- The data -
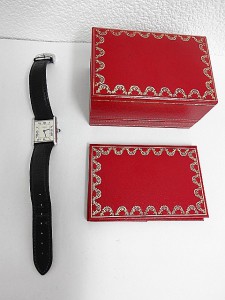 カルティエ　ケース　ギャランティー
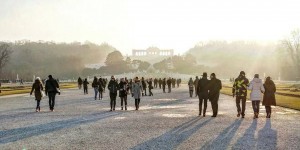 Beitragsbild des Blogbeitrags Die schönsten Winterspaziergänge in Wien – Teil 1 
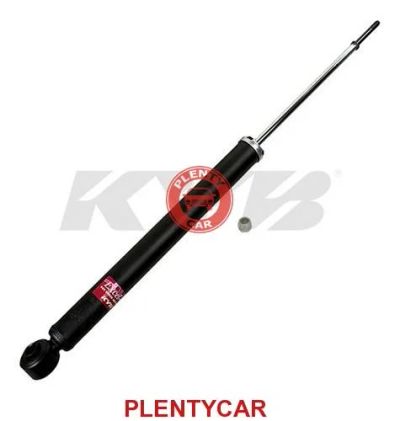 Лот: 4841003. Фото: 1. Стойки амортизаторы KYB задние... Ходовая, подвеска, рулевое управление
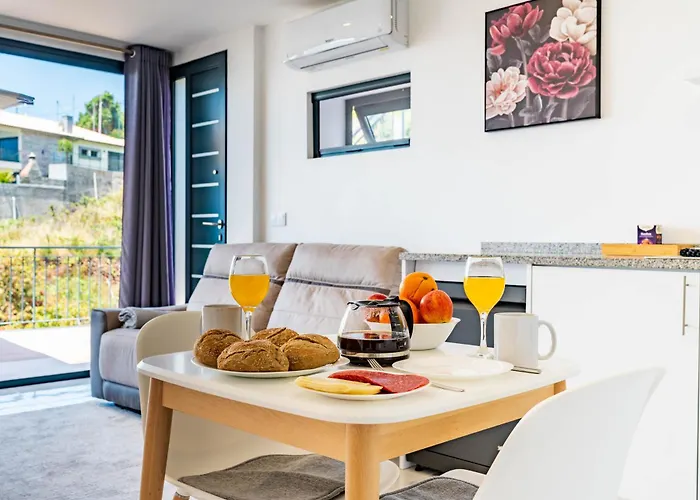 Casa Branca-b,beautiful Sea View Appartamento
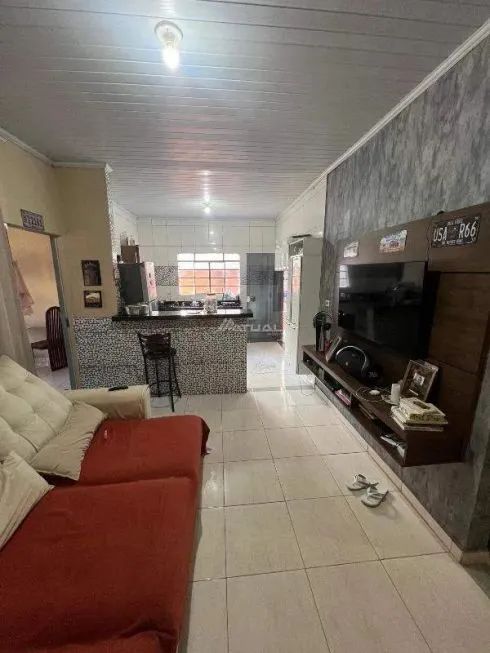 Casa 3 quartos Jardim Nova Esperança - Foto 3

---

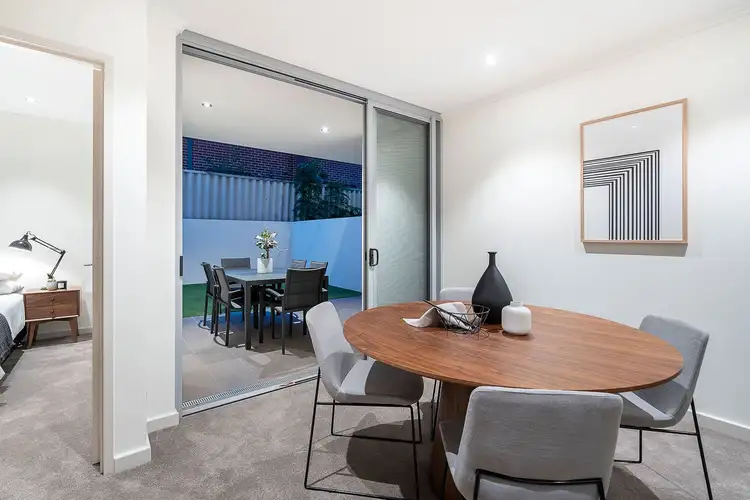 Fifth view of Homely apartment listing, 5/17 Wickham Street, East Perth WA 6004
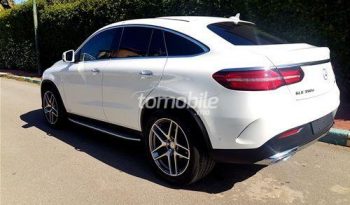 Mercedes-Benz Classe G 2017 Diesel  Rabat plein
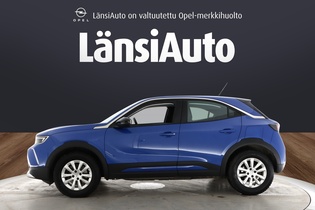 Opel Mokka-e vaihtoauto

--

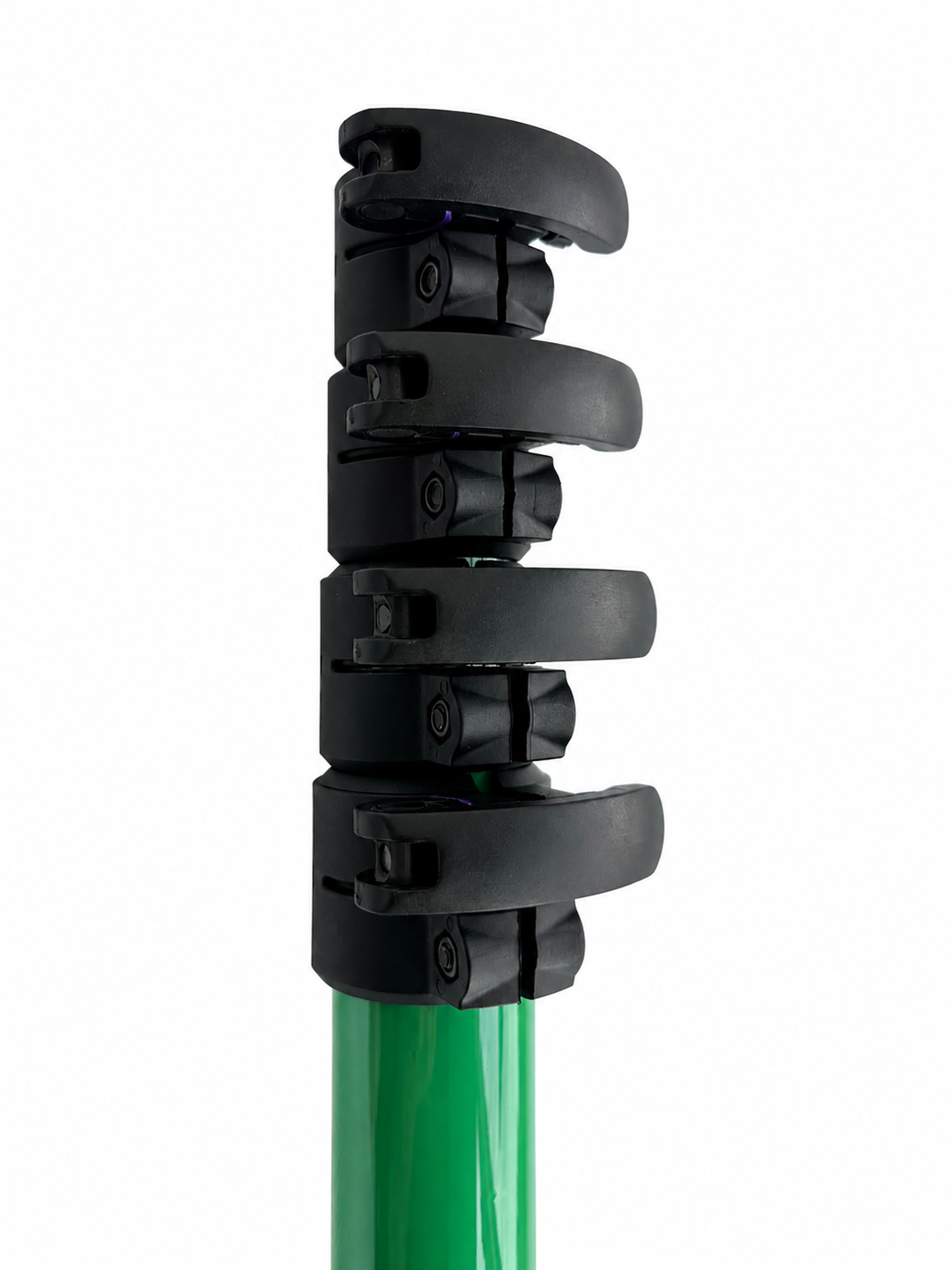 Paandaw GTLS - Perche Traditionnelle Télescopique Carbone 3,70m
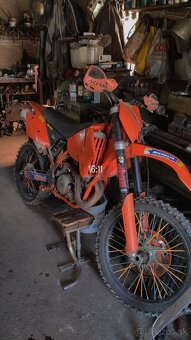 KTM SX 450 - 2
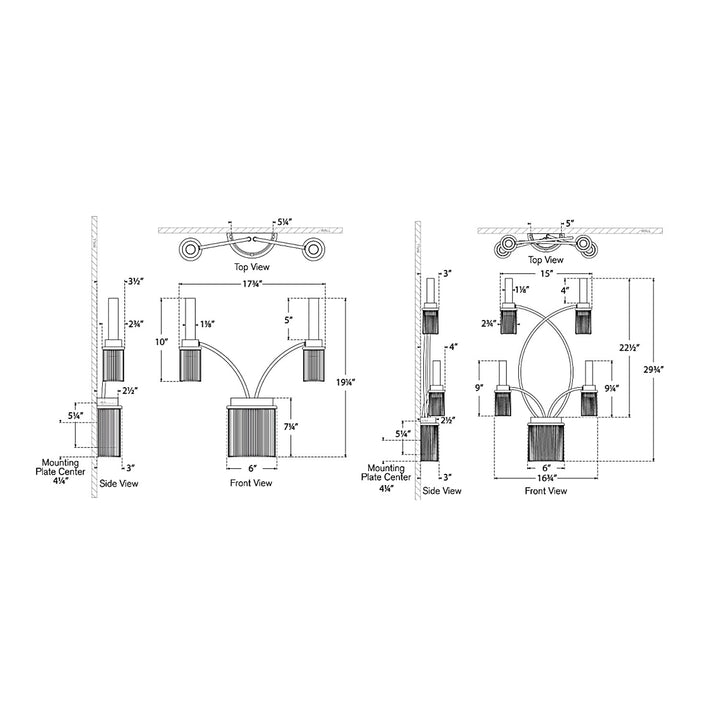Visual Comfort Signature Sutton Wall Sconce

- Work instruction -
All that should appear in the answer is the lines above from the line with "Mercedes-Benz Classe G" through the line with "Opel Mokka-e vaihtoauto", retyped exactly, pictures left out.

- Response for this exercise -
 Mercedes-Benz Classe G 2017 Diesel  Rabat plein
 Opel Mokka-e vaihtoauto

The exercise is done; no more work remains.